Rāmdev Pīr of Ranicha
Tradition
Hindu / Islamic / Rajasthani / Folk
The Place
- Location: Ramdevra, Jaisalmer, Rajasthan (26.7333°N, 71.7667°E)
Sacred Narrative
Rāmdev Pīr (1352–1385 CE) — a Rajput prince of Runicha, Jaisalmer — who is worshipped jointly by Hindus and Muslims as a Pīr. His 41-day footprint pilgrimage in Bhādra (Aug–Sept) draws ~10 lakh pilgrims who dance to Rampir ki shankh (Ramdev's conch). The deity opposed untouchability — his disciples (called Meghvāl Bhakts) include many Dalits. Muslim devotees identify him with a Pīr; Hindus with an avatar of Krishna.

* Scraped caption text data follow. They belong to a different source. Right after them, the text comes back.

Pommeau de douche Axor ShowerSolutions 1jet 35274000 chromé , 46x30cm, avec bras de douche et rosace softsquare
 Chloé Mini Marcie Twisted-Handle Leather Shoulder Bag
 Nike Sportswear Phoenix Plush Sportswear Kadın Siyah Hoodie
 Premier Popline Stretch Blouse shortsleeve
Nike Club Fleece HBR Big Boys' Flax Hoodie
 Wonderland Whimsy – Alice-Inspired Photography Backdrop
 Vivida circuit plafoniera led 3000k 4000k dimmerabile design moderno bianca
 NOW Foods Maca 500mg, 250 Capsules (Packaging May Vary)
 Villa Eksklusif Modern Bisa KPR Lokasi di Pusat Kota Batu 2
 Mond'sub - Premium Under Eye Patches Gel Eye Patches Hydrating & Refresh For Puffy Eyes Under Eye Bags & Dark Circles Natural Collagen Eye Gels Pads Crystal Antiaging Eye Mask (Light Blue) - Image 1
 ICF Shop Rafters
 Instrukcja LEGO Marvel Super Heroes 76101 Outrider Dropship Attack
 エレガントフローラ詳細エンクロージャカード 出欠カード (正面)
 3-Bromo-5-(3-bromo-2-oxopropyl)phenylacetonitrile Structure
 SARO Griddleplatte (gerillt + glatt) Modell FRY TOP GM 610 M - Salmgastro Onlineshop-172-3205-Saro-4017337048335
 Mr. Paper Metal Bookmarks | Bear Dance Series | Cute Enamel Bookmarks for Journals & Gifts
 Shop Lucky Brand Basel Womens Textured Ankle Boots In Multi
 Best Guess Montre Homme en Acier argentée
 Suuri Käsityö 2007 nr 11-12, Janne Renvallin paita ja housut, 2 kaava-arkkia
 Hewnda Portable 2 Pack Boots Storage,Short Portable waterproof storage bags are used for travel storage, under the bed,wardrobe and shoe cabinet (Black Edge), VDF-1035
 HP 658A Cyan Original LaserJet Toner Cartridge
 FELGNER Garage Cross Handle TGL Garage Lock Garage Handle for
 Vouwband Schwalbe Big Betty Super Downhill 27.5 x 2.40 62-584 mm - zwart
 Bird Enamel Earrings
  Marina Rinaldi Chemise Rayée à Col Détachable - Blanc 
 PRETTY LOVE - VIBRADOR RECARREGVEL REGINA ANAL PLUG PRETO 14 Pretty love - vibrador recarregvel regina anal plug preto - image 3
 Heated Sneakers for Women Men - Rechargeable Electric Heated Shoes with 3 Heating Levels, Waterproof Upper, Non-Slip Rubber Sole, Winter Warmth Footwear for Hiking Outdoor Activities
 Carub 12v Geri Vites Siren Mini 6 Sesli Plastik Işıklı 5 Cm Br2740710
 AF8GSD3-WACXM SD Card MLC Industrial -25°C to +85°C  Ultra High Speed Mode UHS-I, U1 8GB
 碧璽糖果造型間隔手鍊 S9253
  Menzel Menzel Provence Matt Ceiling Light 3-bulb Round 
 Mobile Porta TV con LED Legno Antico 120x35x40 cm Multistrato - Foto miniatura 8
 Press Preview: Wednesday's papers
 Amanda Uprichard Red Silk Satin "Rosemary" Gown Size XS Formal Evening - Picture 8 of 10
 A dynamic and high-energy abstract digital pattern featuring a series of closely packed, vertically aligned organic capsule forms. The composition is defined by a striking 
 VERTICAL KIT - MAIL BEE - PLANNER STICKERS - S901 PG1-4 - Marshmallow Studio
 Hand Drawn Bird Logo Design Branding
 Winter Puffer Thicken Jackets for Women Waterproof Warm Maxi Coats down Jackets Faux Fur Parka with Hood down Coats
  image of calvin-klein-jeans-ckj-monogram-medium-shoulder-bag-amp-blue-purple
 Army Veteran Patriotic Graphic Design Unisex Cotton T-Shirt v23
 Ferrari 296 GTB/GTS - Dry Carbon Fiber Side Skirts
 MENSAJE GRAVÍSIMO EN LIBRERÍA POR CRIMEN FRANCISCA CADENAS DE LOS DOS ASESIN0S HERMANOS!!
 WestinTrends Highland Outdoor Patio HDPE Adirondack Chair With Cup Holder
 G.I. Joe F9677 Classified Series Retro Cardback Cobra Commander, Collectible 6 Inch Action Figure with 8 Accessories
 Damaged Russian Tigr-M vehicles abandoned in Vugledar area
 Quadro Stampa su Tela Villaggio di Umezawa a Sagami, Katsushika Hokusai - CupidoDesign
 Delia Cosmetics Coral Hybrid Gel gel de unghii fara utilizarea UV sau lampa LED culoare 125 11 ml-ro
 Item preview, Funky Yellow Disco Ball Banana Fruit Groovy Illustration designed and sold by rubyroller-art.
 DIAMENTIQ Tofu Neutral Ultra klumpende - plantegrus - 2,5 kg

This syncretism-in-practice is a model for inter-community worship.
Why This Entry Matters
India's sacred landscape embraces Hindu, Jain, Buddhist, Christian, Muslim, Sikh, Zoroastrian, tribal, regional-folk traditions — each with its own cosmology and priestly lineage. This entry honours Hindu on its own terms.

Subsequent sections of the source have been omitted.